In Mid June the Ohio-based Buckeye Institute for Public Policy Solutions filed an amicus brief in Acheson Hotels v. Laufer, calling on the U.S. Supreme Court to safeguard the American judicial system from abuse and send a clear message that lawsuits must be based on actual injury or harm. National REIA (along with a few others) joined The Buckeye Institute in filing the brief.
“Testers have been a vexation on rental owners for many years as they literally waste everyone’s time going through a process to rent a unit and never doing so. It is not uncommon for five or six testers to visit a site to build up theoretical complaints against an owner for some minor violation. But at least those testers are going through the paces of trying to show up at a property and experiencing whatever violation they allege.”
“The newest iteration of testers are literally phoning it in.

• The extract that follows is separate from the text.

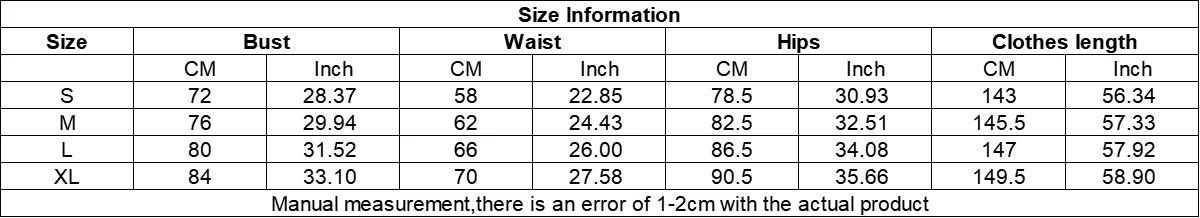 Description Picture 2 of itemOne-piece Yoga Suit Long Sleeved Women's Sportswear Gym Breathable Jumpsuits Workout High-intensity Fitness Skin-tight Garment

It’s time for the courts, which opened up this venue to a cottage industry, to close down this loophole. Fair housing and ADA violations can be very serious, but the undermining of the law, word and spirit, by theoretically constructed lawsuits only serves to fatten the wallet of lawyers. With no actual harm created, these cases represent what would historically have been called frivolous lawsuits. It’s time for courts to shut them down. The National Real Estate Investors Association is proud to stand with the Buckeye Institute and many other groups in asking for relief from this undermining of the rule of law.” Said Charles Tassell, COO National REIA.
An excerpt from the media release issued by the Buckeye Insitute:
“Deborah Laufer describes herself as an Americans with Disabilities Act (ADA) “tester.” She frequently visits hotel, motel, and bed-and-breakfast websites to see if those websites contain information that she believes is required by the ADA and—even though she has suffered no injury or harm—has filed more than 600 federal lawsuits against hotel owners and operators for what she deems is insufficient or unclear information regarding ADA access. In this case, Ms. Laufer admits that she had no intention of staying at the Coast Village Inn and Cottages. Her visit to the website was to create the pretext for the lawsuit.”